Oh, it's refreshing, I'm sure, for the players . . . an opportunity to escape the grind that is the NHL's regular season and recharge the batteries. You may have noticed, however, as astute observers of the locals' recent play, that a little "R and R" wasn't desperately needed.
Alain Vigneault's hopes of his group picking up where it left off is easier said than done. Professional athletes are creatures of habit, and a sudden deviation from that routine can be somewhat disruptive.
The habit for the Canucks lately of course, has been winning hockey games. Since Christmas, Vancouver has been the NHL's best team. You heard right. Out of a possible 24 points, they have picked up 21. A roll like that doesn't happen very often, and when it does you don't like it to end because of the schedule.
And so Vigneault faces his latest challenge, and there is no reason to think he won't answer this one just as he has the myriad of others so far this season. A five-day break between the last game and today's practice might not seem like much, but there are factors to consider. The team had spent the previous 106 days together in some form, be it travelling, practicing or playing. Suddenly they scatter their separate ways oaround the continent, and the chance to forget about their day jobs, and the pressure that goes with them, is hard to resist.

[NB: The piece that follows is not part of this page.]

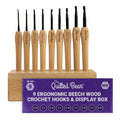 The Quilted Bear Beech Wood Crochet Hooks Set - 9 Ergonomic Steel Hooks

Which is where the head coach comes in. Today's practice will likely have some pace to it. Last Friday's game in Buffalo will feel like a distant memory. Unfortunately, the feeling this team had captured might seem a little far off as well. Vigneault needs to reach into his bag of motivational tricks and remind his group where it was, and what it had established before the break. He needs to stress that the blood, sweat and toil of 48 games should not be compromised by a league- mandated vacation. Don't let tomorrow's game against the lowly Kings be one of those "two points we let slip away" specials.
Vigneault knows what he is doing. And based on the not-so-early returns of his players, they seem to have a grip on their priorities as well. As an organization you expect a level of professionalism from your most important employees. There is nothing wrong with the players unwinding a little over the past five days. There would be something terribly wrong if it interrupts what has been a terrific roll.